Advocates of these trends would rightly suggest that social Islamisation could not have taken place without the consent of the majority of the people. True. But one need not be a professional sociologist to determine the resounding failure of this initiative to convert Pakistan into a morally sound community of people.
Social, cultural and economic indicators of the last 25 years suggest a society displaying a religiosity that, at the same time, is convolutedly trying to reach a forced synthesis with modern material want and ambition.
There is an inherent dichotomy between loud displays of moral piety and the desire to taste the fruits of amoral materialism.
Nevertheless, in Pakistan this dichotomy has been turned into a collective attempt to work it as a synthesis.
The apologist argument in this respect is that being pious doesn’t mean one can’t be materialistic as well. This apologia can be countered in a number of ways, especially when the piety that is being displayed is supposedly following the dictates of a dyed-in-the-wool brand of faith — a brand of piety in which, for example, music may become ‘haram’, but getting paid to endorse a western brand of chips as ‘halaal,’ is fine!
Addressing such convolutions has become the work of televangelists and ‘modern sounding’ preachers.
Their role can be defined as helping mould a workable narrative that is constructed from certain select religious texts and then offered to their audience as an Islamic rationale to survive in the modern material world as a loudly practicing Muslim without feeling guilt or angst.
This dichotomy is then converted into a religiously rationalised normality.
But the question again arises, how constructive has been such an arrangement? It has clearly not turned Pakistan into a better, more law-abiding society than it was before the so-called Islamisation process really kicked in (during the Ziaul Haq dictatorship).
As Ziaul Haq’s ‘Islamise society from above’ process failed to address the utopian expectations of the people for the ‘ideal Islamic state’ that he had promised; and as political and economic corruption further eroded Zia’s regime, the Islamists and various fundamentalist groups that had risen in the 1980s, decided to ‘Islamise society from below.’
The idea was to Islamise all aspects of society so that people will ‘turn from being just Muslims into becoming Islamic.’
Interestingly, the state and the governments even after Zia’s demise allowed this brand of social Islamidation to continue, as long as it didn’t exhibit any overt political ambitions. But it did.
The Islamists and the fundamentalists were free to carry on Islamising social space, so much so that today it has become impossible to escape religious symbolism and rhetoric in even the most traditionally secular spaces and surroundings.
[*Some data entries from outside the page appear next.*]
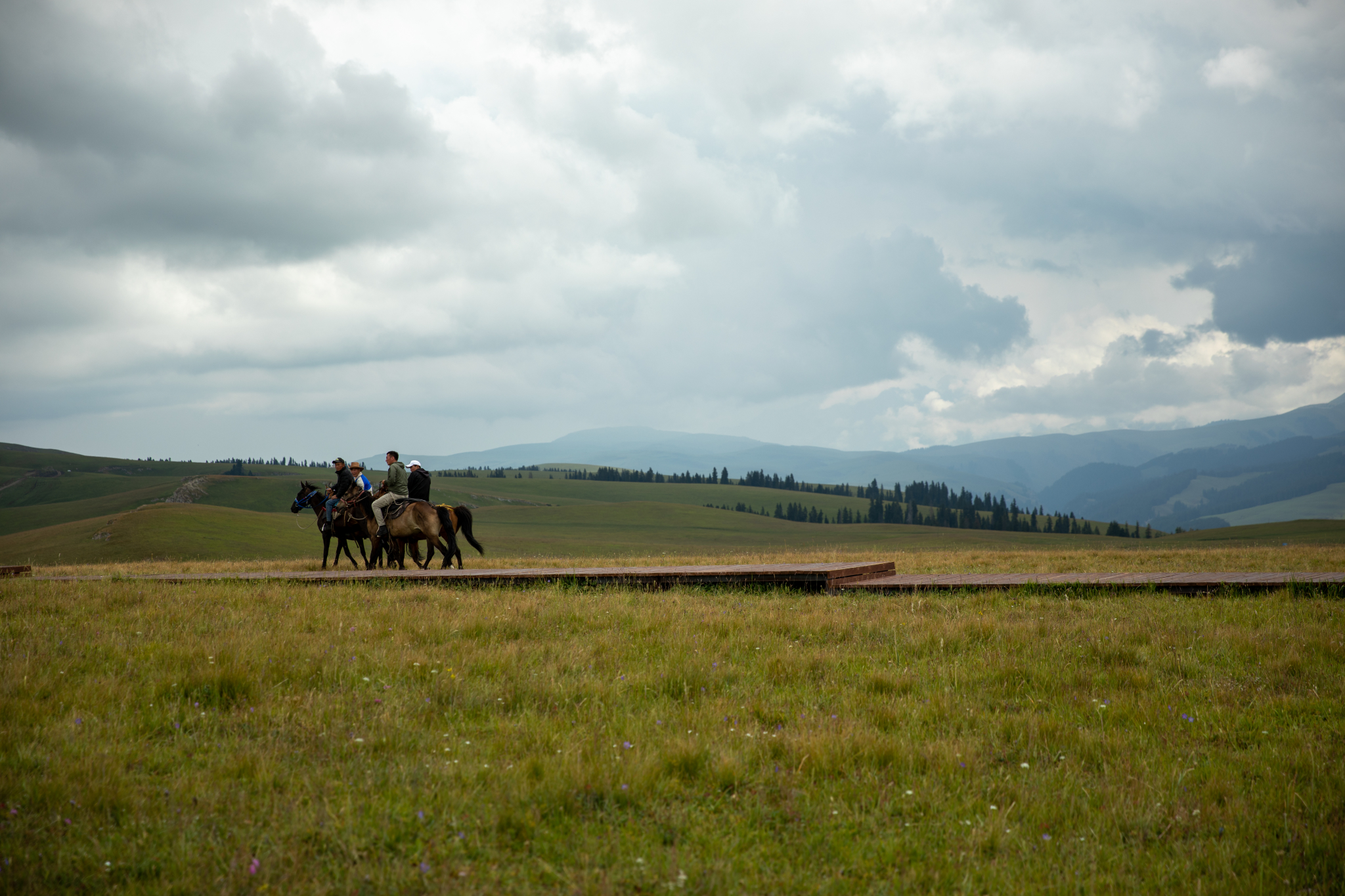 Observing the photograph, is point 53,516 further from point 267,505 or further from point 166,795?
point 166,795

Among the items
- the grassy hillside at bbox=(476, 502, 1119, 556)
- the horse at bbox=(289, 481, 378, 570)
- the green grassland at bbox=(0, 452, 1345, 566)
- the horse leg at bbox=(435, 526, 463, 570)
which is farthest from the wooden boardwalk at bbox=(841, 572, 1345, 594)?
the grassy hillside at bbox=(476, 502, 1119, 556)

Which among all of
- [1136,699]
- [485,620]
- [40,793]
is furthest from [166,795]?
[1136,699]

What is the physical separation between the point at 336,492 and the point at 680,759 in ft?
69.7

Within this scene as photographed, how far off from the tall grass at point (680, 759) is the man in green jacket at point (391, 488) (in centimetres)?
1104

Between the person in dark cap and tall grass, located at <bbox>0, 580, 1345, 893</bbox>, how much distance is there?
13.2m

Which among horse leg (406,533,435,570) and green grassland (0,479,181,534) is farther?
green grassland (0,479,181,534)

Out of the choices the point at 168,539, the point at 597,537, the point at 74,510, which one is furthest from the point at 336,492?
the point at 74,510

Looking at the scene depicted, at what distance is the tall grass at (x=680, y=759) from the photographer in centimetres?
417

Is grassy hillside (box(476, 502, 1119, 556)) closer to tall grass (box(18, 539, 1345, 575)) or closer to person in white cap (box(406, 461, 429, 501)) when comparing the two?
tall grass (box(18, 539, 1345, 575))

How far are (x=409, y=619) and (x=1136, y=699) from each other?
9002 millimetres

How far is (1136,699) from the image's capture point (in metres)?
6.85

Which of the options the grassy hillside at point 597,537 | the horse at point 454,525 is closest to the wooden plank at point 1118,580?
the grassy hillside at point 597,537

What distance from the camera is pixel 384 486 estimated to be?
21.7 meters

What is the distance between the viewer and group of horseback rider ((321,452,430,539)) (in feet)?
69.4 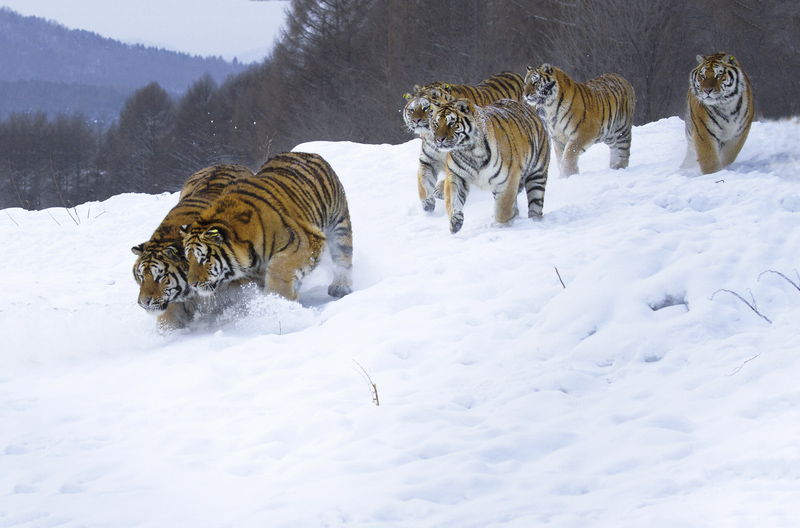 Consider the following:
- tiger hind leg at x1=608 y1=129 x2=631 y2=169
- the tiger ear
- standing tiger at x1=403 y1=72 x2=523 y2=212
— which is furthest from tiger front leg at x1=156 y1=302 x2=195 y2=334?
tiger hind leg at x1=608 y1=129 x2=631 y2=169

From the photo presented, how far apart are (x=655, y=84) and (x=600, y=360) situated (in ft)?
46.9

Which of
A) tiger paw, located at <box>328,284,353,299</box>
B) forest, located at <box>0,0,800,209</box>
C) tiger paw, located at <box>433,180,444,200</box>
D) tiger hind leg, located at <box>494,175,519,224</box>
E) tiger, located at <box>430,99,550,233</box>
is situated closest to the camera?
tiger paw, located at <box>328,284,353,299</box>

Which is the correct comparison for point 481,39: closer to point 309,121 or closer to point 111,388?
point 309,121

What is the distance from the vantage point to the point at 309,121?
3123 centimetres

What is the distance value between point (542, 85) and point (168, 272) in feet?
16.0

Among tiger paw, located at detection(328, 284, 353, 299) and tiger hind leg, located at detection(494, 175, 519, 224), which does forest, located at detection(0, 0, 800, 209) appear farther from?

The socialisation of a theologically puritan strain of faith has been an all-encompassing event. Its symbols and rhetoric abound on billboards, in shopping malls, parks, on cars, in buses, drawing rooms, on TV screens, in offices and in everyday lingo.
It seems Pakistanis have lost the capability to separate the religious from the secular.
So what’s wrong with that, some might ask?
Well, this trend has consequently molded a mind-set that has become almost voluntarily vulnerable to the Islamists’ exploitative socio-political manoeuvres.
This might answer the question as to why society throws up its arms in disgust after a drone attack but remains awkwardly quiet every time a terrorist murders scores of common people, cops and soldiers in a suicide blast.
And perhaps that’s why — after being cowed down by so many years of Pakistani state’s and its civilian allies’ ‘Islamic project’ — the Pakistani society may have a ready-made consensus on, say, the dangers of alcohol abuse, but still can’t seem to reconcile to a common consensus on who or what is an extremist.